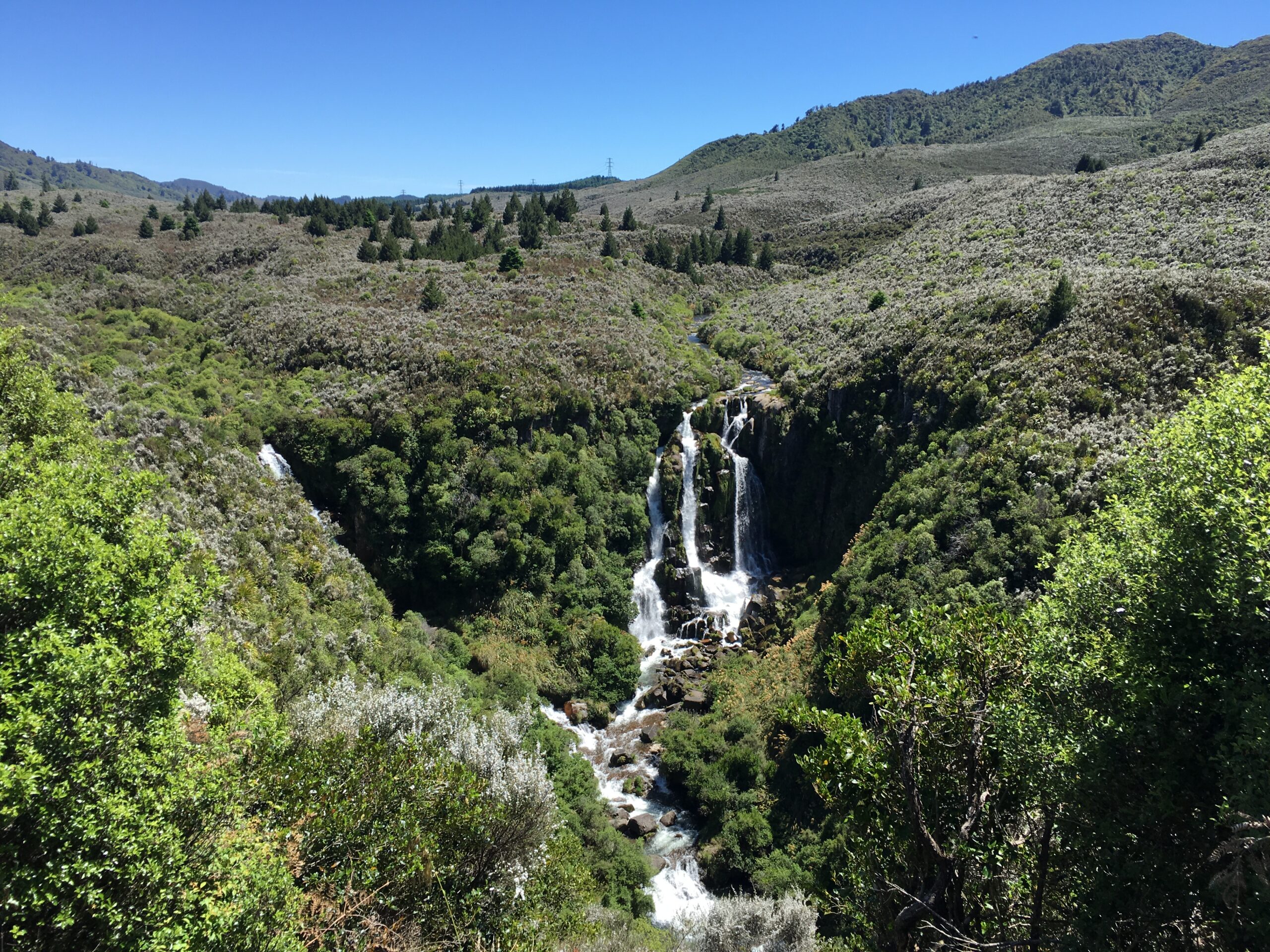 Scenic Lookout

--

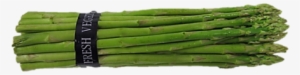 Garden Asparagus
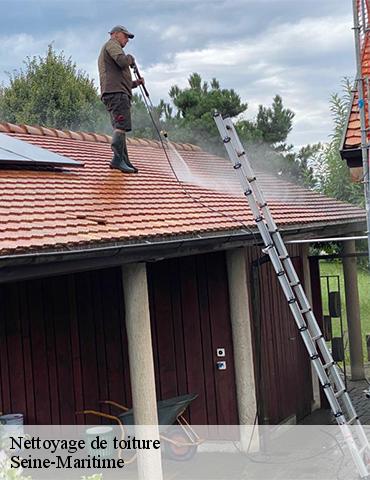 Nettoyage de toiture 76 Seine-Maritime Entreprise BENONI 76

==

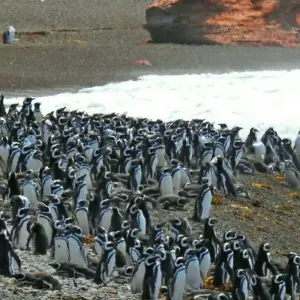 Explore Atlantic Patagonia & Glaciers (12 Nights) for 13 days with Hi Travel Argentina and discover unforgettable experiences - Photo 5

Task details
Reproduce the records above exactly, but only from the line with "Garden Asparagus" up to and including the line with "Nettoyage de toiture". Leave the pictures out.

Reply
 Garden Asparagus
 Nettoyage de toiture 76 Seine-Maritime Entreprise BENONI 76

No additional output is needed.